Fredrick Muriuki Kabita v Ciira Ndinwa [2020] KEELC 1977 (KLR)
Full Case Text
REPUBLIC OF KENYA
IN THE ENVIRONMENT AND LAND COURT AT KERUGOYA
ELC CASE NO. 672 OF 2013 (O.S)
FREDRICK MURIUKI KABITA…………………………..PLAINTIFF
VERSUS
CIIRA NDINWA…………....………………………..….....DEFENDANT
JUDGMENT
BACKGROUND
The plaintiff vide an Originating Summons dated 28th May 2009 sought the following orders:
1. That the Respondent/Defendant right title and interest in the piece of parcel of land on the portion respectively physically occupied by the Applicant measuring one acre and situated in Kirinyaga District Area and comprised in the title to the said piece of land known as L.R. No. MUTIRA/KANYEI/292 and registered under the provision of Registered Land Act (Cap. 300) Laws of Kenya at the Lands Registry at Kerugoya.

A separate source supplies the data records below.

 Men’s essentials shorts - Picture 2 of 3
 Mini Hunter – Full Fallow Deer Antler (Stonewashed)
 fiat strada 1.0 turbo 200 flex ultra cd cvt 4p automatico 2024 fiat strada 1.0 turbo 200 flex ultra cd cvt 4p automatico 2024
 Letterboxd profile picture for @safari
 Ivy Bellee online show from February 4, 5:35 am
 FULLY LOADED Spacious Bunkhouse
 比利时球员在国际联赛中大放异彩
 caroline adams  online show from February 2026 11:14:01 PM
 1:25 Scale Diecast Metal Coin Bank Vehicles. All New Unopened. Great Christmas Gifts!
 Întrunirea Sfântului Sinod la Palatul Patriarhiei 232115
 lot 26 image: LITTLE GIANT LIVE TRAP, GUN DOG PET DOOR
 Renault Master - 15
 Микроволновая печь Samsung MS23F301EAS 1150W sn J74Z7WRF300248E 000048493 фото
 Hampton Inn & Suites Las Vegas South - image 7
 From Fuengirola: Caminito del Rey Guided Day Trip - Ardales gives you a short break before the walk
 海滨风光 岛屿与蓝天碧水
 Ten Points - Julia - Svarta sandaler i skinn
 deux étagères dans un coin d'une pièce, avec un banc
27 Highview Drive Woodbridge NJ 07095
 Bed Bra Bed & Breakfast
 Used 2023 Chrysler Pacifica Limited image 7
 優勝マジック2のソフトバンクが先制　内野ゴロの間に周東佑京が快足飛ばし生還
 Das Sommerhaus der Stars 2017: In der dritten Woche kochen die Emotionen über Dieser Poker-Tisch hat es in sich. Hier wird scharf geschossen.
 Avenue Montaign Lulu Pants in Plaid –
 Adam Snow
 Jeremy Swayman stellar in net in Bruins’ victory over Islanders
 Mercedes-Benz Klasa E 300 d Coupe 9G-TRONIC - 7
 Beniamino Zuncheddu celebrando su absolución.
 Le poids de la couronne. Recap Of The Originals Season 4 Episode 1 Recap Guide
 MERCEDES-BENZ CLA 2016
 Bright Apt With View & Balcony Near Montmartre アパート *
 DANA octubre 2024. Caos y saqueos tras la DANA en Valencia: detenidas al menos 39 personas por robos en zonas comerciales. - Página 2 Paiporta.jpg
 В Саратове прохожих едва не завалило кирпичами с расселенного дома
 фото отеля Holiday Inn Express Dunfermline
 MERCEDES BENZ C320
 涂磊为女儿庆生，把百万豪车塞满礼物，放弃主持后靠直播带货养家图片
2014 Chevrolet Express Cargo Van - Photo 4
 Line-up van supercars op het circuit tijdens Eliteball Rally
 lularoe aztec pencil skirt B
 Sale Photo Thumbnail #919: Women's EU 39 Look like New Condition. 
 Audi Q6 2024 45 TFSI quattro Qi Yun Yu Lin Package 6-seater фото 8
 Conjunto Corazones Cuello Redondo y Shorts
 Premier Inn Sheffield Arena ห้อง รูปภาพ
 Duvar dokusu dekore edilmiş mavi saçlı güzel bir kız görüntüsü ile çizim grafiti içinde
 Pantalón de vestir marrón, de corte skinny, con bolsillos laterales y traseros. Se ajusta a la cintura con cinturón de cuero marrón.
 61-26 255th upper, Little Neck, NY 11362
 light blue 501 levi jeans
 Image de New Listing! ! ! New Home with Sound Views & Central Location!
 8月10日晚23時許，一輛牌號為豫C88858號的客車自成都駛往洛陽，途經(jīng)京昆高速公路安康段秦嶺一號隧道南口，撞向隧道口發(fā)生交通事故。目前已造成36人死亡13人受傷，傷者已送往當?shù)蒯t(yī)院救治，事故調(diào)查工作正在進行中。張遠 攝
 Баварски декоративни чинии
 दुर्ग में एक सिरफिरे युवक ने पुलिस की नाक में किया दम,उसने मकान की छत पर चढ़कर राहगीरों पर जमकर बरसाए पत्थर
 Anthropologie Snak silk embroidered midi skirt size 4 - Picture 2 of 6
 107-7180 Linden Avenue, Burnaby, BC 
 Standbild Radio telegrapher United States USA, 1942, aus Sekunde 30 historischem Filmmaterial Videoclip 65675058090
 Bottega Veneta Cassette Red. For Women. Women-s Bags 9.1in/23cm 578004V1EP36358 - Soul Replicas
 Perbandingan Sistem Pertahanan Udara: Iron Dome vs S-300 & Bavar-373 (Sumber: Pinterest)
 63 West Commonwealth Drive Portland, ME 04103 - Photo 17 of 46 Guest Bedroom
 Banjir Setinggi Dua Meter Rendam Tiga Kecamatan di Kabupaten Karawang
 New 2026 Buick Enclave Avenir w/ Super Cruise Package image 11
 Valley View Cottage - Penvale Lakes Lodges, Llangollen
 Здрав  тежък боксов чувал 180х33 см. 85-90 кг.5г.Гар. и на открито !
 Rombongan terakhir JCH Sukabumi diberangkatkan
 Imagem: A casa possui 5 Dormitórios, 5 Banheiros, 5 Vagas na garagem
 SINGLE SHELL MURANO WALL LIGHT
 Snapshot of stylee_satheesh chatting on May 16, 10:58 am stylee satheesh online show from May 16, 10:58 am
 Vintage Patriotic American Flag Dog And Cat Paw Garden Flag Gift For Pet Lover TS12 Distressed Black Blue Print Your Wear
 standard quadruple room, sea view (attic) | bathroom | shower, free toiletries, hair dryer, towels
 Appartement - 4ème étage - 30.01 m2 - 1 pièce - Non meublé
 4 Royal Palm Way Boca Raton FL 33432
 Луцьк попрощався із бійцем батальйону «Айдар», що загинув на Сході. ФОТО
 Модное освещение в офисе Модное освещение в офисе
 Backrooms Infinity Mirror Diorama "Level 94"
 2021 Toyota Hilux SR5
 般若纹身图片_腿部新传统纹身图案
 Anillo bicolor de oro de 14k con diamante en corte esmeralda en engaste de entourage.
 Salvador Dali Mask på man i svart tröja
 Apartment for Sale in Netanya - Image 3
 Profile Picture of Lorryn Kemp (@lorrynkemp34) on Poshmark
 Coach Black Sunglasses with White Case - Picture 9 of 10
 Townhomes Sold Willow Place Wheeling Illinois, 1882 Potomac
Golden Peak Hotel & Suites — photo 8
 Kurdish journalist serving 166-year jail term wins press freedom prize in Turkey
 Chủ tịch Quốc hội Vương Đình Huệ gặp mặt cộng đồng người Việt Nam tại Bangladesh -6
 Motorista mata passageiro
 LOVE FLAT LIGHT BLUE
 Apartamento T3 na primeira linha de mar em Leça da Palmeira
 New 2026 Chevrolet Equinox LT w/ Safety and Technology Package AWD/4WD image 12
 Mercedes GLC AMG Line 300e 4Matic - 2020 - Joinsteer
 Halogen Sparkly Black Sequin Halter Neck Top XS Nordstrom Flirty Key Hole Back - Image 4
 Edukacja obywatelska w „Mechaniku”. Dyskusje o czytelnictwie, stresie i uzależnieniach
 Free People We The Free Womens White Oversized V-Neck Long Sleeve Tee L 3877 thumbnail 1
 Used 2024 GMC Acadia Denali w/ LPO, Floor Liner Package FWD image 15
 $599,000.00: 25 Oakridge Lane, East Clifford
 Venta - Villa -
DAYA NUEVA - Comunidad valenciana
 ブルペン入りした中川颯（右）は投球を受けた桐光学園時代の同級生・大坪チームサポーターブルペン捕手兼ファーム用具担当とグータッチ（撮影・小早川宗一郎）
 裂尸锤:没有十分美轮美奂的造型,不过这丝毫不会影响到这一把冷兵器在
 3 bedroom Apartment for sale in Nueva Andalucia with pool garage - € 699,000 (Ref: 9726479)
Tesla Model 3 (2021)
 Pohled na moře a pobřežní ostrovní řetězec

2. That the plaintiff’s possession of the said land be declared Adverse with effect from 1988 when the Applicant had occupied the said land from a period well over twelve (12) years excursing adverse possession thereof.
3. That the Plaintiff/Applicant be declared to have acquired absolute right to and title and interest in the suit land by operation of law under the provision of Section 38 of Limitation of Actions Act Cap. 22 Laws of Kenya.
4. That there be an order for the rectification of the Register of land and the Applicant/Plaintiff be registered as the absolute proprietor of the suit land in place of the Defendant/Respondent.
5. That costs of these proceedings be provided for.
6. That such further or other orders be made as the interest of justice may be required.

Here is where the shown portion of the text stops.